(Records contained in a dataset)

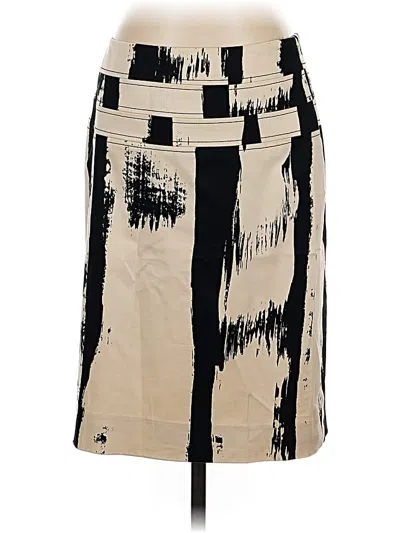 Pre-owned Etcetera Casual Skirt In Black
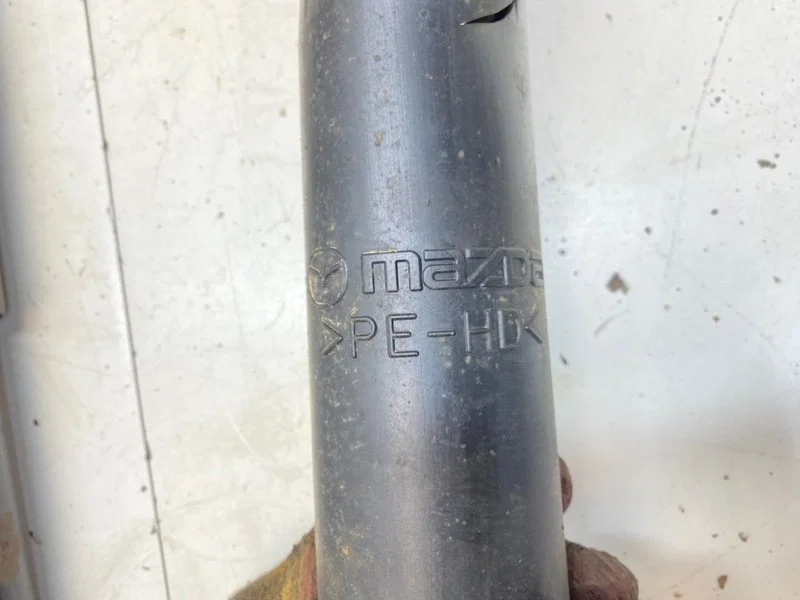 Амортизаторы задние Mazda CX-7 2.3 L3-VDT 2008 - миниатюра 8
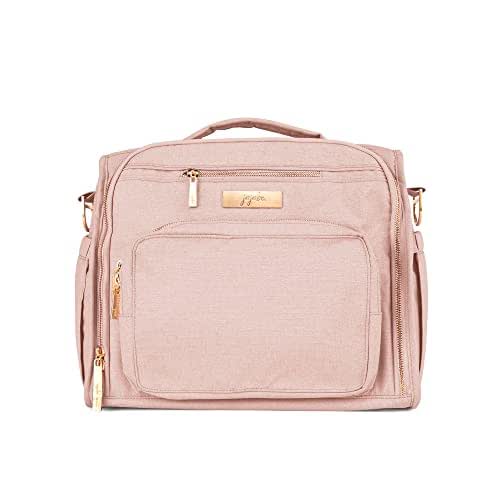 JuJuBe Diaper Bag, Travel Backpack and Large Tote with Portable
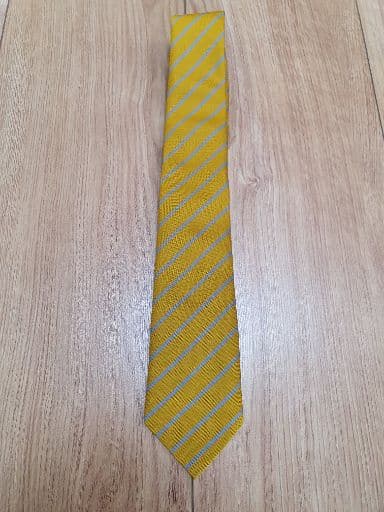 YEAR COLOUR   TIE-ALPERTON HIGH SCHOOL- YELLOW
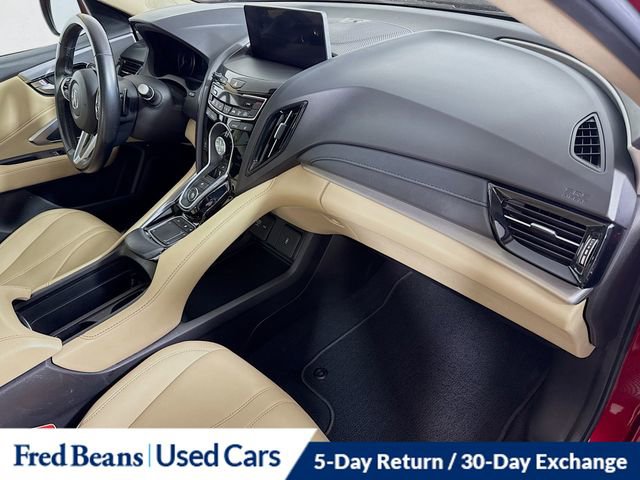 Used 2021 Acura RDX AWD image 30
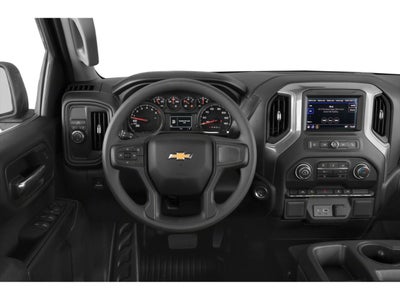 2022 Chevrolet Silverado 1500 WT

**What you have to do:** Transcribe every line from the records above without alteration, and leave out the images.

**The answer:**
 Pre-owned Etcetera Casual Skirt In Black
 Амортизаторы задние Mazda CX-7 2.3 L3-VDT 2008 - миниатюра 8
 JuJuBe Diaper Bag, Travel Backpack and Large Tote with Portable
 YEAR COLOUR   TIE-ALPERTON HIGH SCHOOL- YELLOW
 Used 2021 Acura RDX AWD image 30
 2022 Chevrolet Silverado 1500 WT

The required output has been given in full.